I read a lot of history and often when I think of comparisons of what's considered women's history and what's considered traditional history I see women's history as a cultural history punctuated by a handfull of heroics and men's history as a history of heroics punctuated by some culture. Now that's not to say that there aren't heroics in everyday life, but that the way history defines heroics is through grand leadership and the creation of groundbreaking technologies or civil institutions.

It really seems like there should be a balance of both which is a tough line to walk given a limited amount of time with which to teach.

Once again, Hugo presents a young man here, and that young man becomes an object of disparagement. (Can you folks see a pattern here?)

I guess it wouldn't do to offer a class that honors men's interests in more action-oriented history than in a lesbian poet who is probably mentioned only because she wrote on lesbian themes. After all, we have to be politically correct, don't we?

Hugo holds up Jeremy as an example of the kind of young man who dares to question the fembot establishment. Of course, such dangerous men must be disparaged. Notice how Hugo doesn't make examples of his female students. Why is that?

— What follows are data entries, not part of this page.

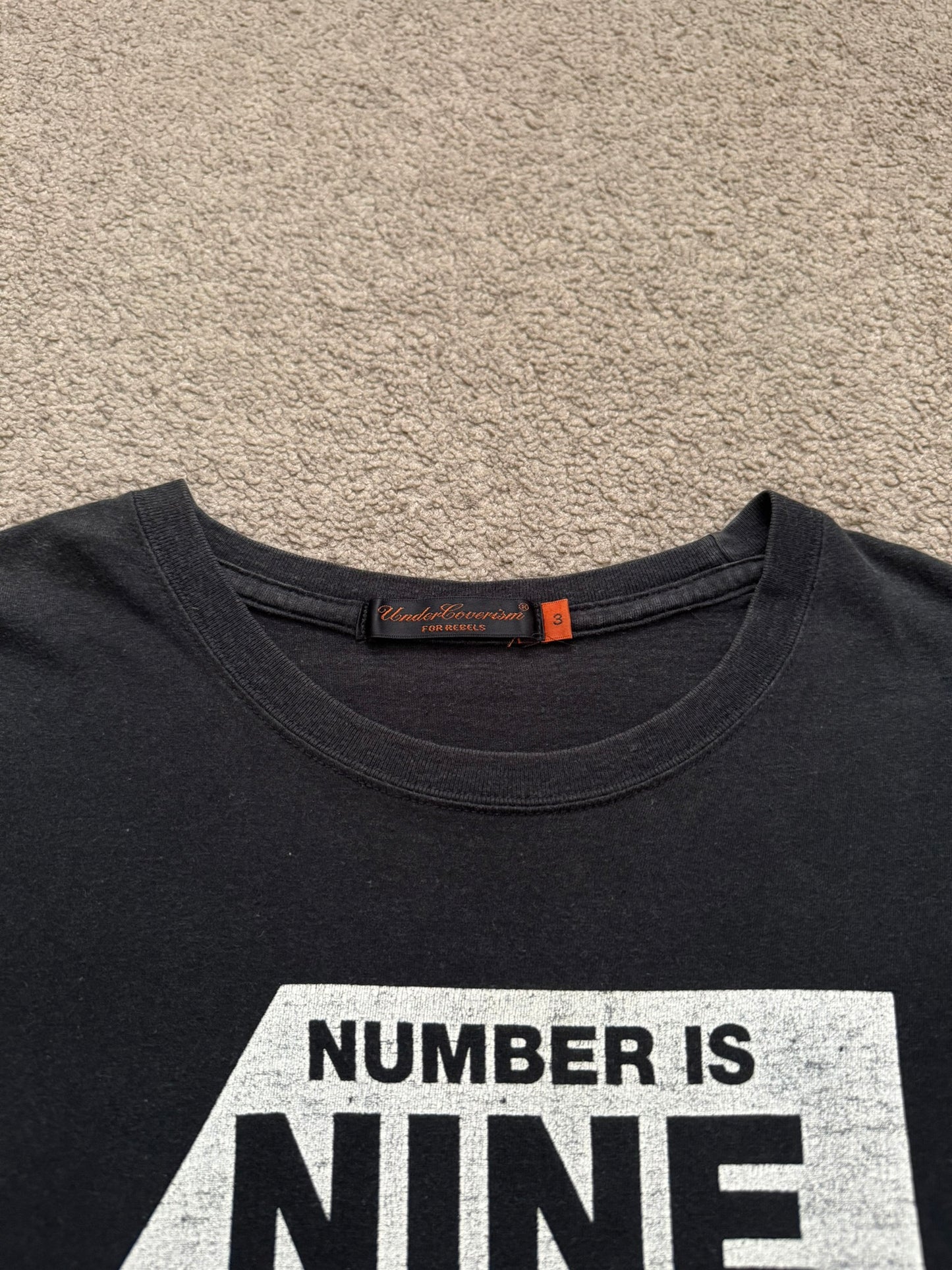 SS06 Undercover x Number (N)ine “Number Is Nine” Graphic Anniversary T Shirt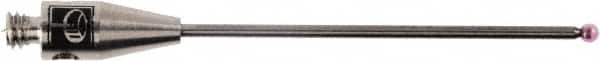 Renishaw - 0.0394 Inch Ball Diameter, Carbide Stem, M2 Thread, Ruby Point Ball Tip CMM Stylus - 0.8071 Inch Working Length, 0.028 Inch Stem Diameter, 1.0827 Inch Overall Length - Exact Tooling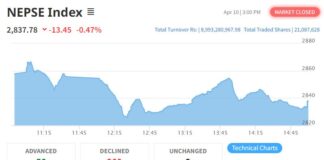 नेप्सेमा दोहोरो अङ्कको गिरावट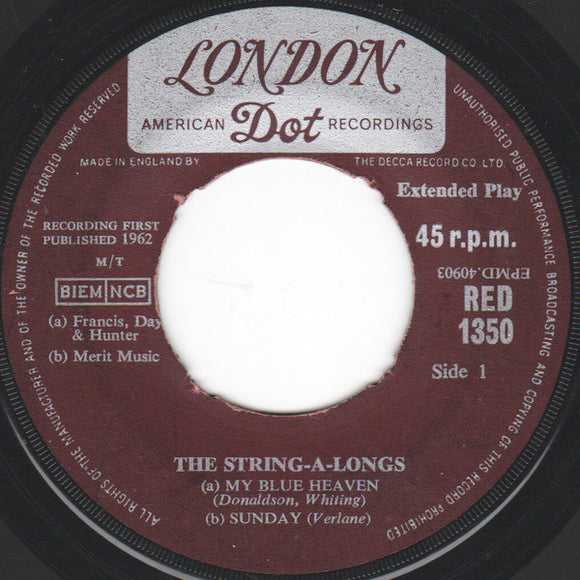 The String-A-Longs - My Blue Heaven EP (7
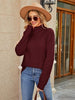 Cable-Knit Mock Neck Sweater - Premium   - Just $55.95! Shop now at LACEDUPED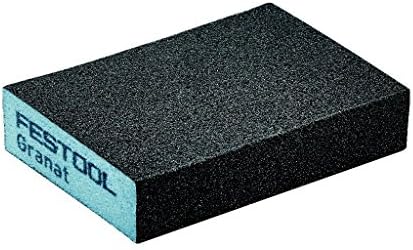 Festool 201080 Abrasive Sponge Granat 69 x 98 x 26, Pack of 6 (36 Grit)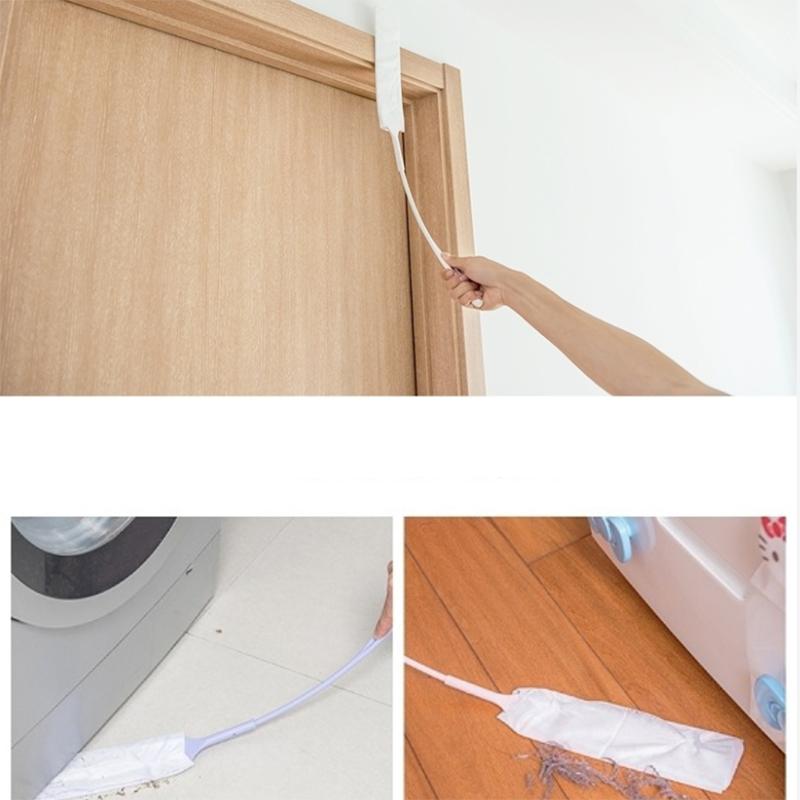 Lengthened Non-woven Cleaning Brush Flat Brush Head Dust Removal Gap Brush Long Handle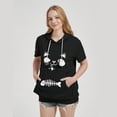 thumbnail image 2 of Pet Pouch Hoodie Shirt Short Sleeve Kitten Puppy Holder Thin Fall Hoodies Small Animal Carrier Sweatshirt for Women, 2 of 9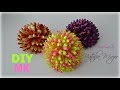 DIY./ Пышные банты из узкой ленты. Цветы канзаши Lush bows ribbon./Kanzashi tutorial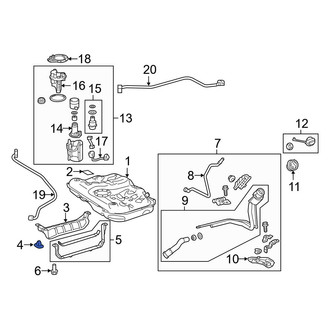 Toyota OE - Fuel Tank Shield Clip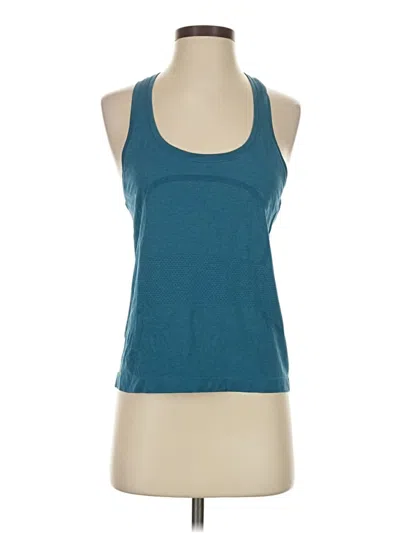 Pre-owned Lululemon Athletica Active Tank Top In Blue
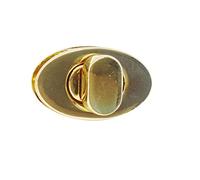 WedDecor Forme Ovale Tortillon N Tour Fermoir Verrou Boucle Fermeture Pièce de Rechange Éléments de Fixation Cuir Sac, Porte-Monnaie, Art & Loisirs Créatifs,DIY Projets, Argent, 22mm x 15mm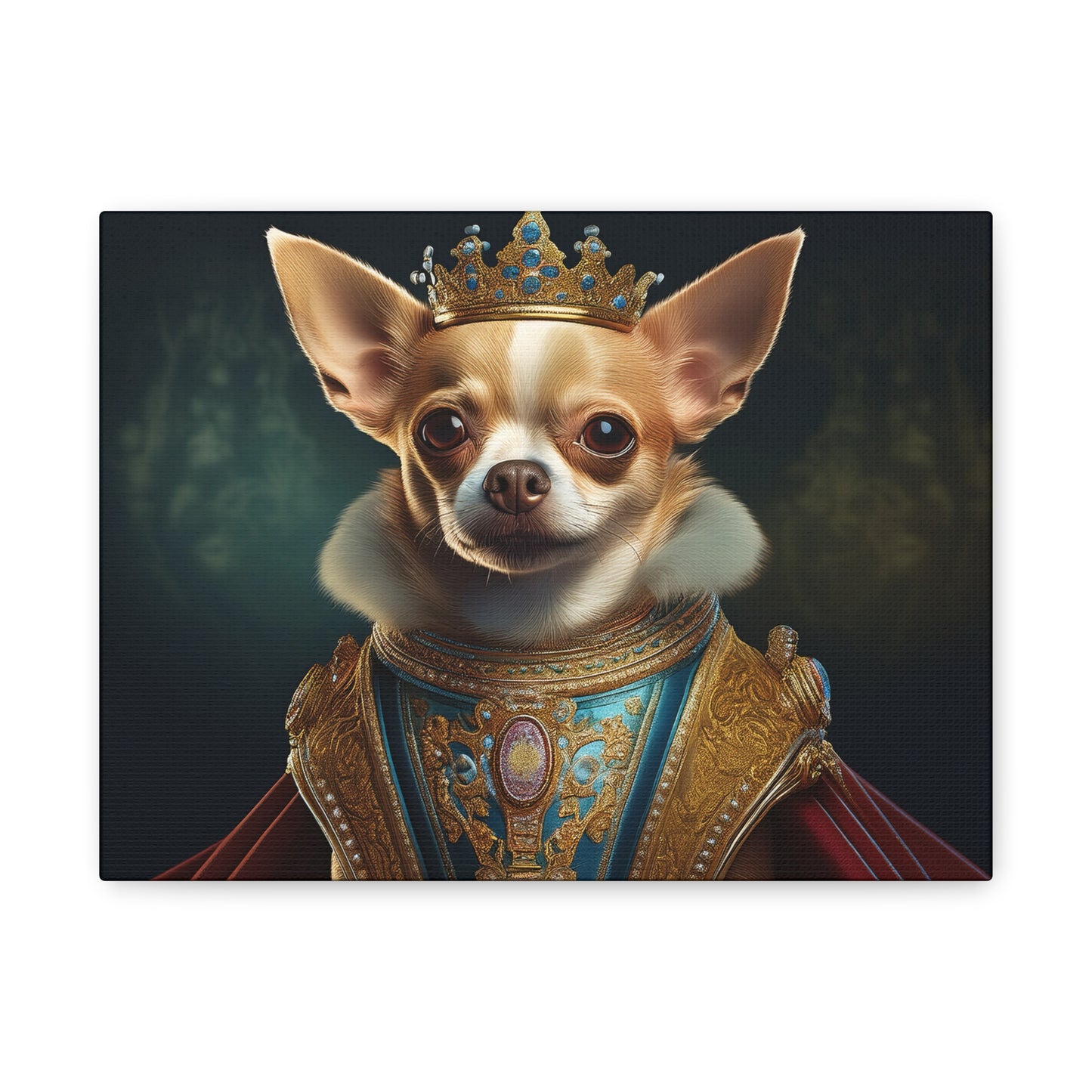 Chihuahua Renaissance Pet Portrait on Canvas | Wall art | Wall print | Dog art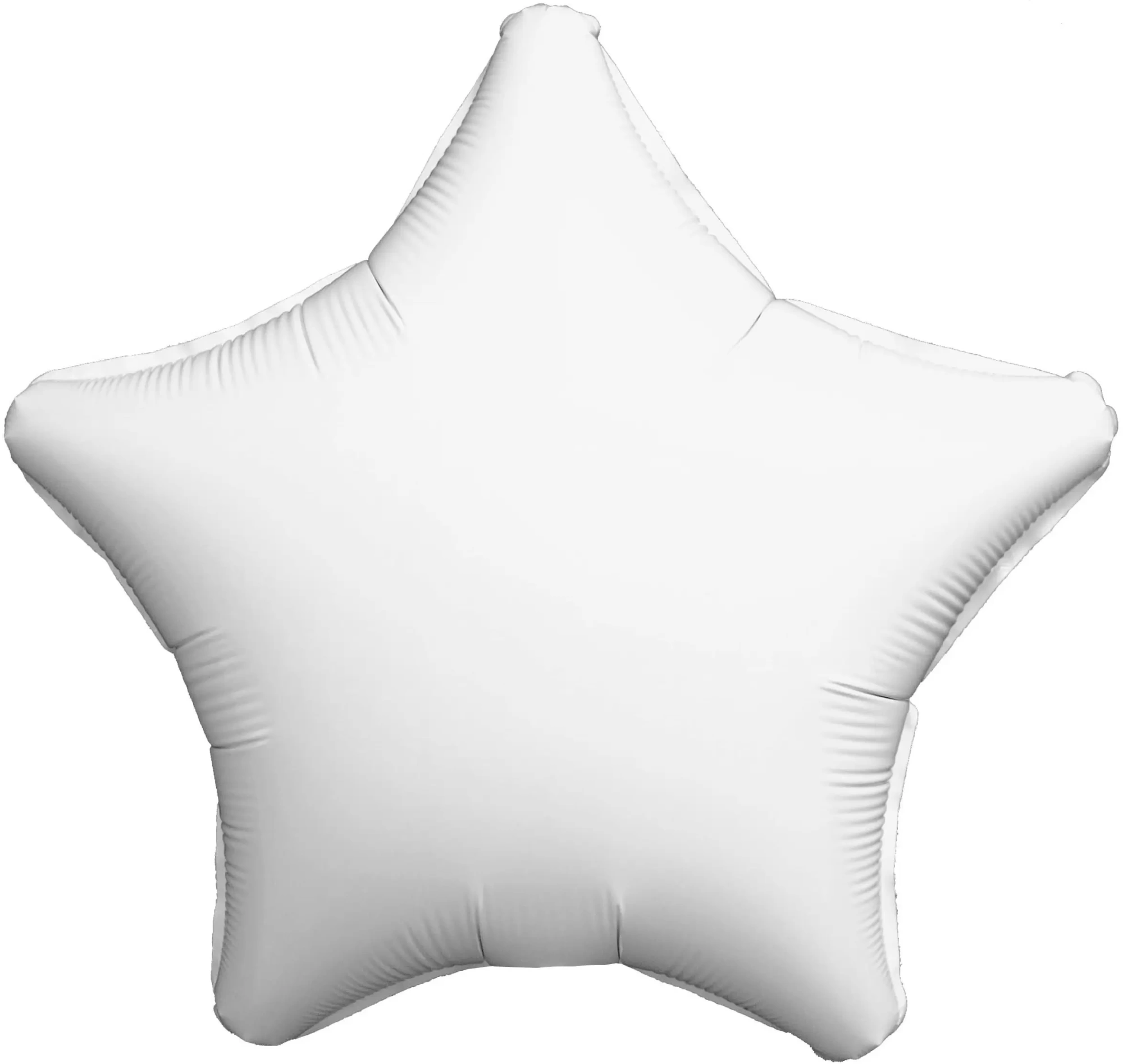 Шар с гелием (30"/76 см) Звезда, Белый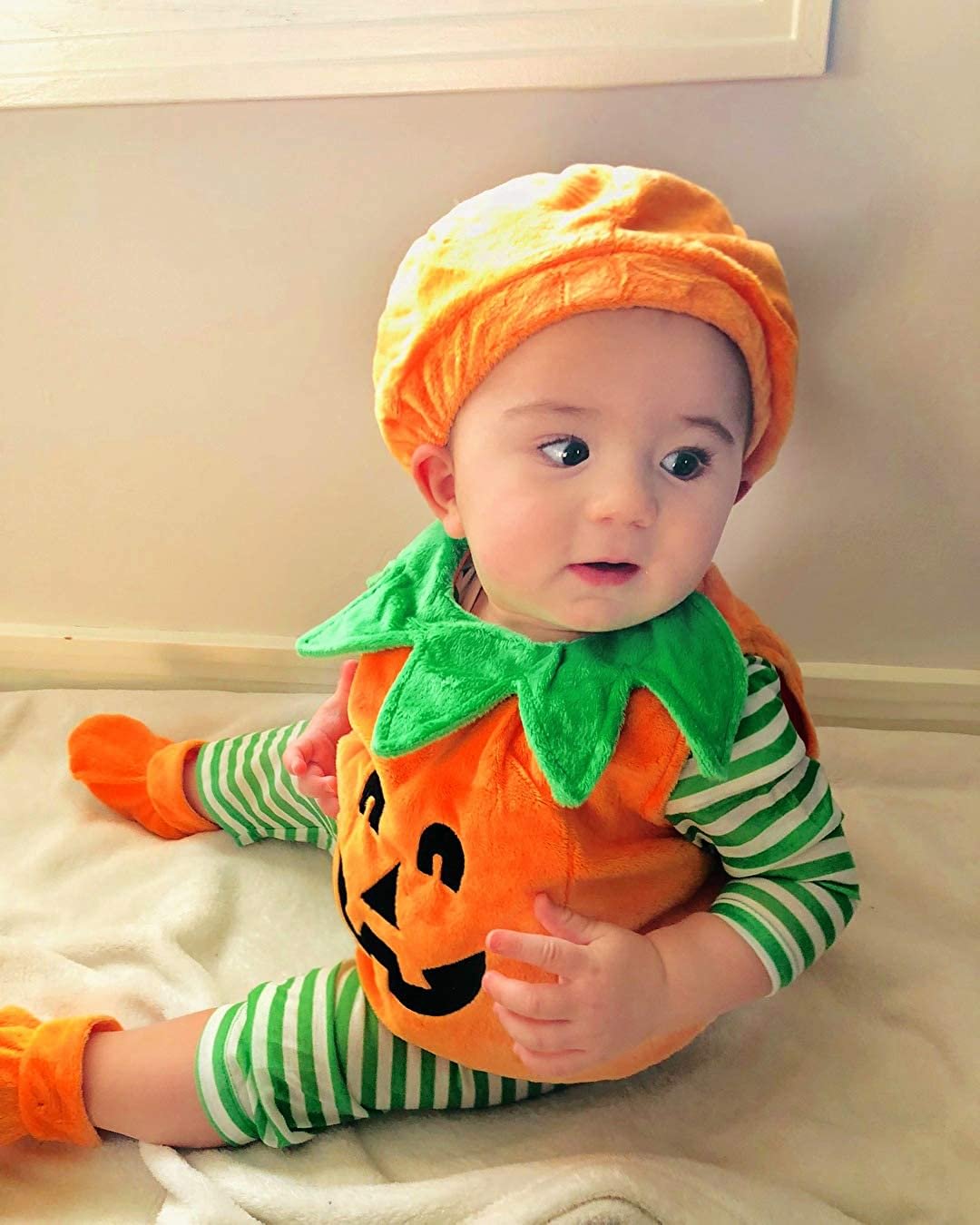 Shoppro™Baby Halloween Pumpkin Outfit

Perhaps Hugo should just banish male students from his classes. Then he can be surrounded by females who have already been so brainwashed into thinking that men are evil that they flock to the nearest "wymyns center" to share their homogeneous, mindless perspectives with one another.

Mark

I make anonymous examples of my female students all the time, Mark. Read "Sisterhood is Easier in Winter" on my sidebar.

honors men's interests in more action-oriented history

Because only boys are interested in that exciting war stuff. Girls just want to play with Peloponnesian Barbie and read about boring poetry.

By the way, there's an awful lot of non-action-oriented diplomacy, politics, history and sociology in those wars and stuff along with the kewl action sequences.

Mythago,

If you're going to limit your replies to straw men, perhaps you could at least be a bit more creative about it.

I don't have to be, Mark. You provide such good material with straight-faced lines like "honor men's interests in more action-oriented history."

Personally I'm all about the Peloponnesian War and not so much for studying Sappho, but I could not imagine going to a professor and saying, in essence, "Your class doesn't cater to me. I'm bored. Fix it to my liking."